I'd expect to see the 3.8.0 app update drop within the next 24 hours. Last release was December 5th, and I don't see them pushing it out on the Friday before Christmas.


----------



## littlD

JWardell said:


> Pole Position is here!! Woohoo!!
> 
> _Rushes to buy a USB game controller on Amazon before they sell out..._


I'll try my old PS3 controller once I get the update.


----------



## Love

Pole position is decent, lol. The farting is a good chuckle for sure. The winner is the fireplace which turns on the heat, then another tap of the screen playing some mood music. Love it!


----------



## littlD

JDM3 said:


> Does anyone know if this update/app update will allow to schedule your heating/cooling to come on? Would love to set the heat to come on 15 mins before I leave in the morning.


TeslaFi provides that capability among many others for 5$ a month.

Check out how I and others are using the schedules capability

https://teslaownersonline.com/threads/using-teslafi-to-add-features-whats-your-favorite.9592/


----------



## Mike

So, we are all in agreement that this is a generic worded statement to cover the whole Tesla fleet and not some soon to be announced feature of Model 3?


----------



## Bokonon

The new "Keep Climate On" feature is activated by opening Climate Control and flipping a floating toggle switch just above the fan speed control.

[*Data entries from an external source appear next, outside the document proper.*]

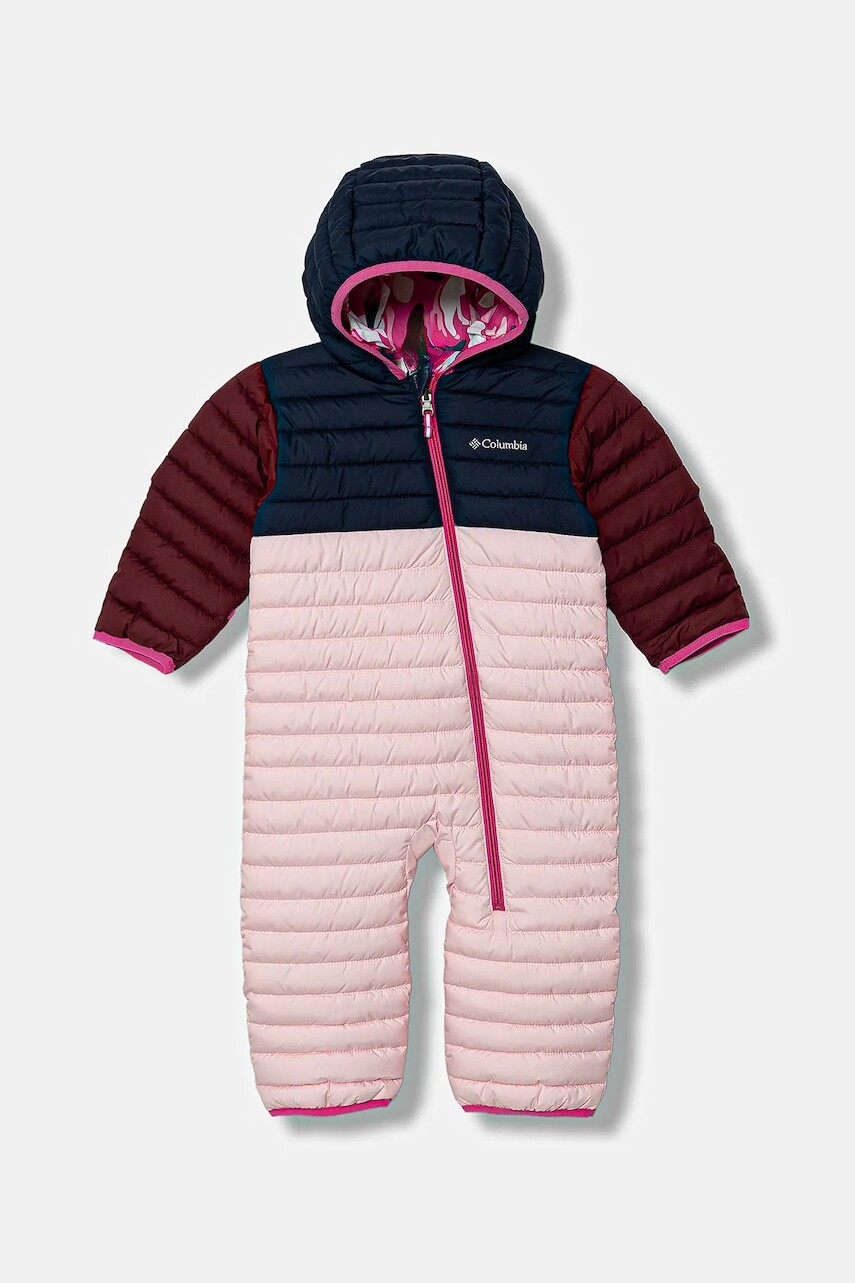 Overal pre bábätká Columbia Powder Lite Reversible Bunting ružová farba, 2088751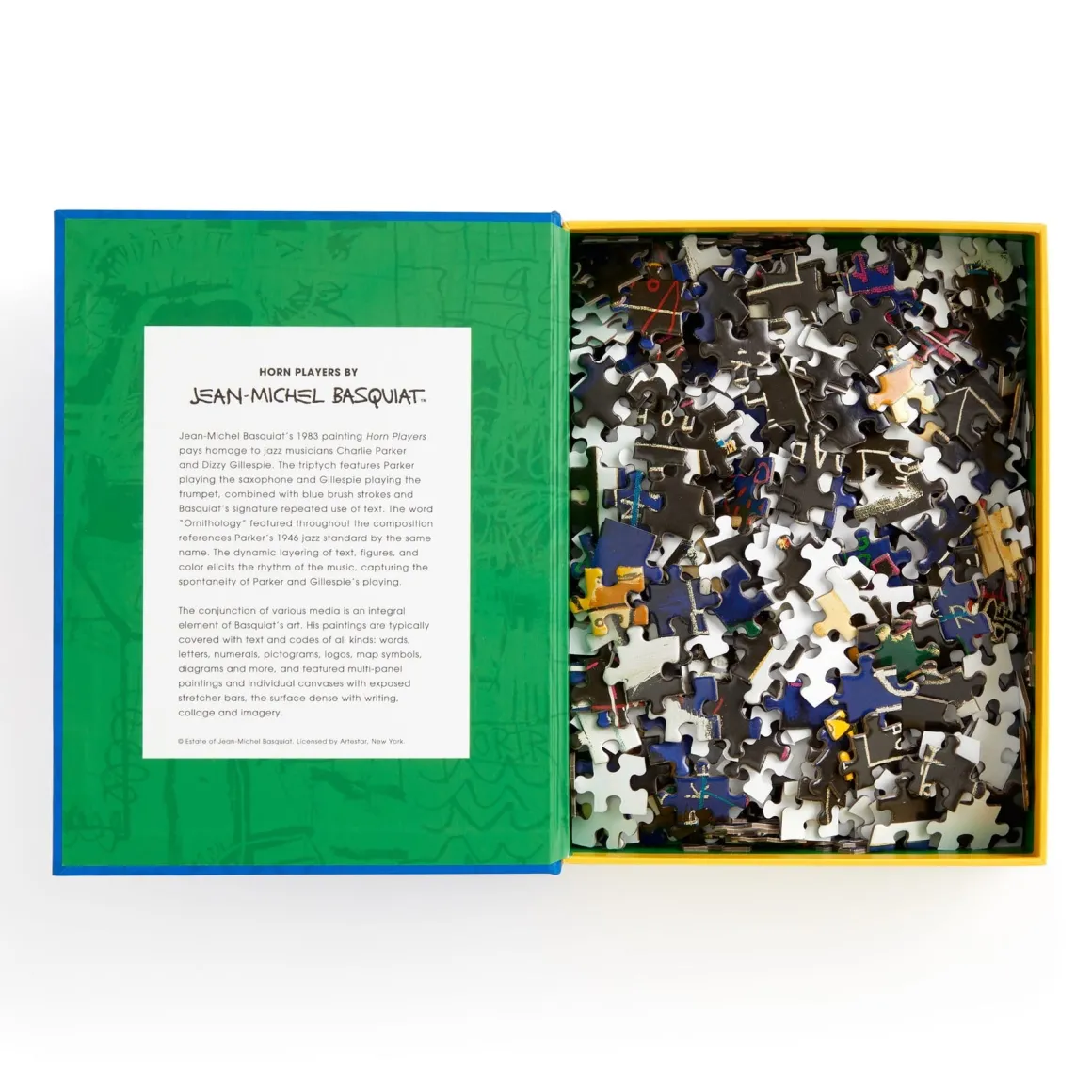 Basquiat Horn Players 500 Piece Book Puzzle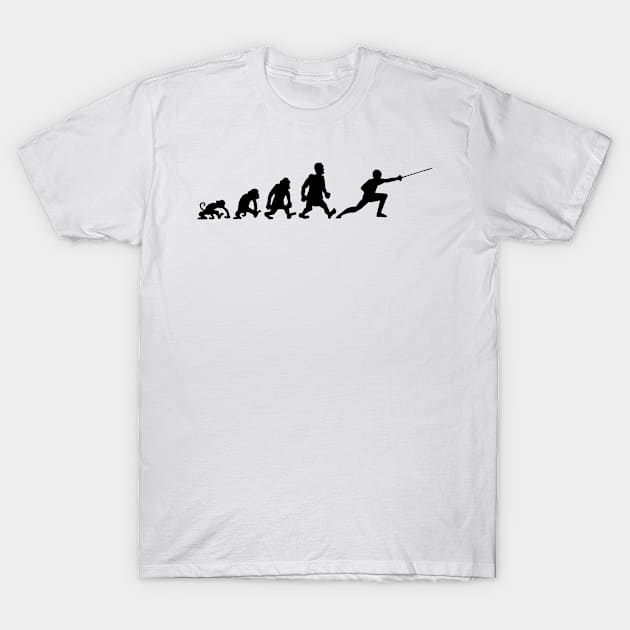 fencing evolution T-Shirt by Rooscsbresundae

Here it is in the "on" position:










Also wrote up a few notes on Pole Position here.


----------



## Birdman

I don’t think it is any veiled reference to the introduction of a heated steering wheel in the 3 (although I would be shocked if it doesn’t eventually get introduced). My own personal view is that I read it as a generic statement to cover the entire fleet.


----------



## Gavyne

Haven't gotten the update yet, but just want to say I love this car, and I love Tesla. These updates are just awesome, from practical and useful, to fun and humorous. You can't find this anywhere else man.


----------



## Toadmanor

Birdman said:


> I don't think it is any veiled reference to the introduction of a heated steering wheel in the 3 (although I would be shocked if it doesn't eventually get introduced). My own personal view is that I read it as a generic statement to cover the entire fleet.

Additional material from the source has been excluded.